MEMORANDUM AND ORDER
This suit was originally filed in the Circuit Court of the
Twentieth Judicial Circuit, Perry County, Illinois, and
subsequently removed on petition for removal by defendants,
alleging jurisdiction under the provisions of Section 301(a)
of the Labor Management Relations Act (29 U.S.C.A. § 185(a)).
The complaint as originally filed contained only one count
and charged defendant Local P-156, Amalgamated Meat Cutters
and Butcher Workmen of America, and named individuals.
Following removal, plaintiff amended its complaint, setting
forth its cause of action in Count I against defendant Local
P-156, Amalgamated Meat Cutters and Butcher Workmen of
America, and plead alternatively in Count II a cause of action
against the named individuals as individuals and not as agents
of the union.
Defendants move to strike and dismiss the amended complaint,
alleging in support of their motion that Count I of the
amended complaint fails to state any claim upon which relief
can be granted; that the Court has no jurisdiction over the
subject matter of the claim attempted to be stated against the
individual defendants in Count II; and that Count II of the
amended complaint fails to state any claim upon which relief
may be granted in favor of the plaintiff.

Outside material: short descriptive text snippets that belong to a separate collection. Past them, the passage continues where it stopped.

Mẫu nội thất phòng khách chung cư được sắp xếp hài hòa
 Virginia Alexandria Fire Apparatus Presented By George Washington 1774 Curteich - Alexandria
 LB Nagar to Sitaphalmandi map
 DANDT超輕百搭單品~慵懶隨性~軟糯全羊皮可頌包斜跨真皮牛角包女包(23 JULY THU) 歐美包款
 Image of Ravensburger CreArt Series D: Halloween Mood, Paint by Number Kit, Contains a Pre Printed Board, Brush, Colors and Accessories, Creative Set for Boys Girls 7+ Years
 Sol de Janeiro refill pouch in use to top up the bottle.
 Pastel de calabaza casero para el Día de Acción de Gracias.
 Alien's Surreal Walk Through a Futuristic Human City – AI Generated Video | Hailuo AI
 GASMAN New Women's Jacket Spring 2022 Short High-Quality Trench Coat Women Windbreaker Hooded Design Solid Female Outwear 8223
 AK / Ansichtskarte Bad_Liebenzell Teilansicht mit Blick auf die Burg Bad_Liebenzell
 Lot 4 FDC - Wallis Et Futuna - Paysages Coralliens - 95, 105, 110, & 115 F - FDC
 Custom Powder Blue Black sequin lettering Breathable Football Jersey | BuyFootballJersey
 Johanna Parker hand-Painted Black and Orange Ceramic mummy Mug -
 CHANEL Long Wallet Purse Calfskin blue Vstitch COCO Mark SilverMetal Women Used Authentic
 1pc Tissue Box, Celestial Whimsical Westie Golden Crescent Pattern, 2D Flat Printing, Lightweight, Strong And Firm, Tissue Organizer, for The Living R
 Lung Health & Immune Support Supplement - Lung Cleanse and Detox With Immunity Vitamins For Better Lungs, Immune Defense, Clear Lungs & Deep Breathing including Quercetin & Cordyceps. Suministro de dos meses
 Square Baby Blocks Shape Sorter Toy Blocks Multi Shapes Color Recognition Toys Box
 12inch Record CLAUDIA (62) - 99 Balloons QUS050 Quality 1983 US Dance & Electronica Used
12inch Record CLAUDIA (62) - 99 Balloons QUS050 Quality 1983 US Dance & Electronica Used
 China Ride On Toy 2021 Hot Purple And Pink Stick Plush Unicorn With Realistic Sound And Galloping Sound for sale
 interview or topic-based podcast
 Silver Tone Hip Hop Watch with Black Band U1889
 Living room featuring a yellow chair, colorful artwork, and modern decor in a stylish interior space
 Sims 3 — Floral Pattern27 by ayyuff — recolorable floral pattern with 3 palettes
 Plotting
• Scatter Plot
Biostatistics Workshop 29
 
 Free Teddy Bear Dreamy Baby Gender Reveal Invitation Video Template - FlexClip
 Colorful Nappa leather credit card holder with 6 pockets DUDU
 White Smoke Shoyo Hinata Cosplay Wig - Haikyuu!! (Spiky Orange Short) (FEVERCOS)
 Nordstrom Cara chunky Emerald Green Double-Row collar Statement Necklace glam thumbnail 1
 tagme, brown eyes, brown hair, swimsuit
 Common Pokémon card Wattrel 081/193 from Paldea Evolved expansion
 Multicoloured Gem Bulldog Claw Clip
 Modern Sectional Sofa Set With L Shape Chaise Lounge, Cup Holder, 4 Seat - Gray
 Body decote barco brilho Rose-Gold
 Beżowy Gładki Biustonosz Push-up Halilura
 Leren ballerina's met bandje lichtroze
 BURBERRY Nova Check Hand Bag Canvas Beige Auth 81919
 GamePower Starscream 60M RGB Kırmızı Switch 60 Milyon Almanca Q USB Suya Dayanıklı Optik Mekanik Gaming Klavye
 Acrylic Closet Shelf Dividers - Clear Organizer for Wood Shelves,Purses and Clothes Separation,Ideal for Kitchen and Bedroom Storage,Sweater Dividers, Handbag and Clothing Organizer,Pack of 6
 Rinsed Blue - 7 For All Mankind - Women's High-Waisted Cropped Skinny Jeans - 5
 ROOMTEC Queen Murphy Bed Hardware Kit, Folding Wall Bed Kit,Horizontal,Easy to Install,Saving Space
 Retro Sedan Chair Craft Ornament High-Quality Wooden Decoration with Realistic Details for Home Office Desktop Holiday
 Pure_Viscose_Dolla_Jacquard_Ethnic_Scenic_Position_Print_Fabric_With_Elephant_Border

The heart of the complaint in both counts is a no-strike
clause contained in a collective bargaining agreement between
plaintiff and defendant union. The complaint alleges that the
collective bargaining agreement contains a no-strike clause
and a grievance procedure by which grievances were to be
settled amicably or by arbitration and that the no-strike
clause was violated.
Defendant union moves to dismiss Count I for the reasons
that the complaint does not set forth adequately allegations
upon which responsibility can be imputed to the local, that
the only allegations contained in Count I are wholly
conclusionary and are directly contradicted by other
allegations of Count I, and that it is clear from the
complaint that the local did not call the strike and that it
was in fact cooperating with plaintiff in attempting to
resolve the alleged problem. Defendant union does not contend
that this Court lacks jurisdiction to entertain this cause of
action, nor could it so contend in the light of its
allegations in its petition for removal. It is clear that the
cause of action against the defendant union is within the
original jurisdiction of this Court under the provisions of
§ 301(a) of the Labor Management Relations Act (Title 29 U.S.C. § 185(a)).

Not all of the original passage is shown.